Ha Do Byon, PhD, MPH, MS, RN
Associate Professor
Biography
Ha Do Byon, Ph.D., MPH, MS, RN, is an associate professor at the University of Nevada, Las Vegas School of Nursing, where he joined the faculty in June 2026. His research focuses on improving the health and safety of healthcare workers, with an emphasis on workplace violence prevention in healthcare settings—particularly type II customer-on-worker violence. His clinical experience as a home visiting nurse in East and Central Harlem, New York, continues to inform his research and teaching by grounding his work in the realities of community-based care.
His research is also expanding to cardiovascular health among healthcare workers, including early cardiovascular risk phenotypes, dietary patterns, and cardiometabolic risk. Across these areas, his long-term research agenda is to protect those who care by generating evidence to improve healthcare worker safety, health, well-being, and retention.
He also has methodological expertise in health-related data analysis, epidemiology, and quantitative research design.
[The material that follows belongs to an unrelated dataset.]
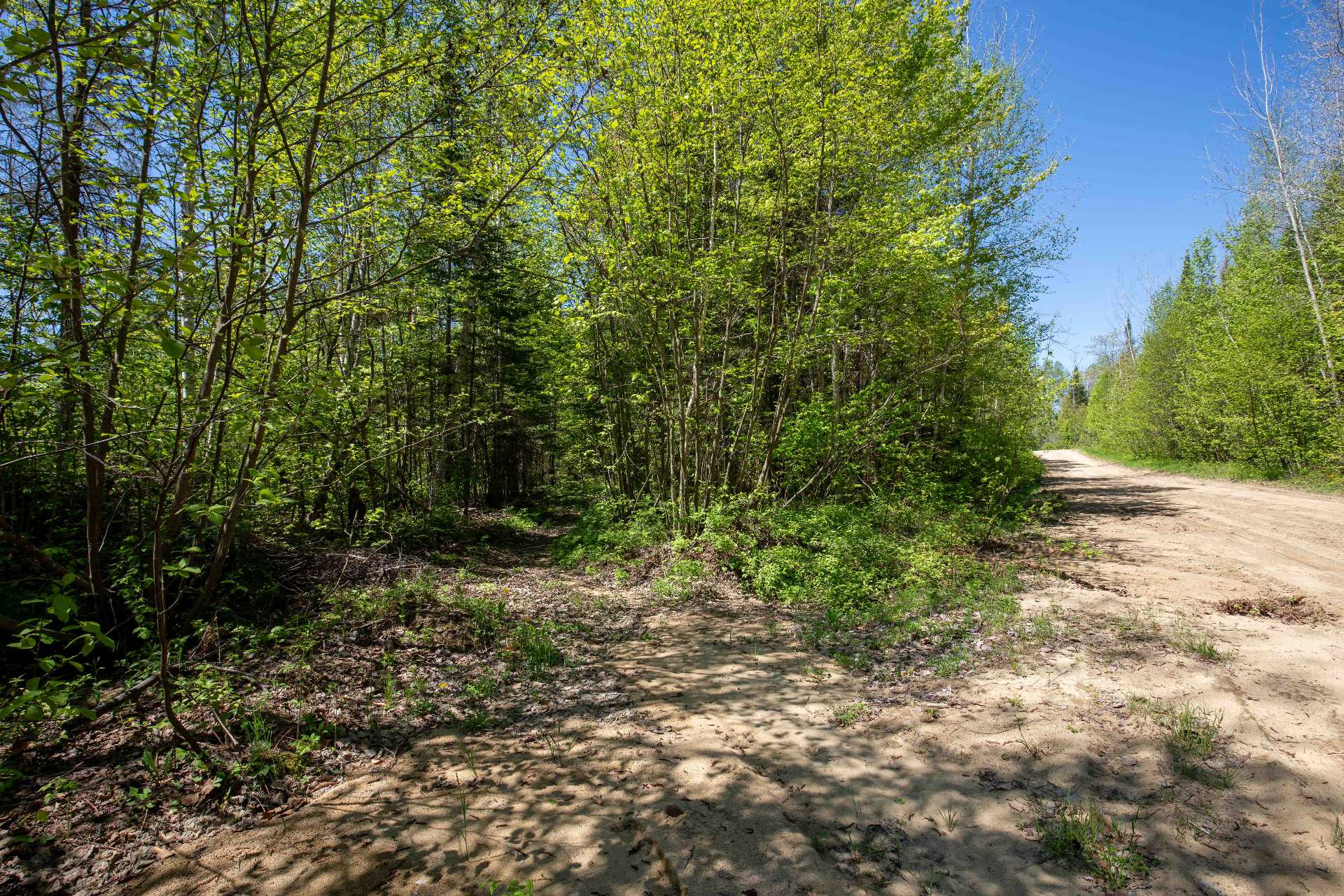 chemin Leduc une entrée dans le bois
He has taught graduate-level statistics courses and served as a biostatistician on multiple funded research projects.
Expertise
- Content expertise: healthcare worker health and safety; workplace violence prevention; cardiovascular health of healthcare workers; nursing workforce research.
- Methodological and data analysis expertise: epidemiology; biostatistics; regression modeling; survival analysis; longitudinal data analysis; complex survey data analysis; meta-analysis; propensity score methods; latent class analysis; structural equation modeling; missing data analysis; predictive and classification modeling including machine learning approaches.
Classes Taught
- Introduction to Statistics in Health Care Research
- Advanced Statistical Methods
- Quantitative Research Methods
- Epidemiology
- Quality and Safety in Healthcare Systems
Education Background
Byon completed his Ph.D. in Nursing at the University of Maryland, Baltimore, with research focused on type II workplace violence in home healthcare. Nursing is his second career. Before entering nursing, he earned a Bachelor of Business Administration from Korea University in South Korea. He later completed an Associate Degree in Nursing at Queensborough Community College in New York, followed by a Bachelor of Science in Nursing, a Master of Science in Community/Public Health Nursing, and a Master of Public Health in Community Health Education from Hunter College, City University of New York.
Research or Scholarship
His scholarship focuses on improving the health and safety of healthcare workers. His primary research area is workplace violence prevention in healthcare settings, particularly type II (customer-on-worker) workplace violence. His work has examined the prevalence, risk factors, reporting, and underreporting of workplace violence, as well as the use of natural language processing to identify workplace violence from clinical notes for data-driven improvement. He is also interested in developing training programs to prepare healthcare students and the healthcare workforce to prevent, respond to, and report workplace violence, as well as to provide post-incident support.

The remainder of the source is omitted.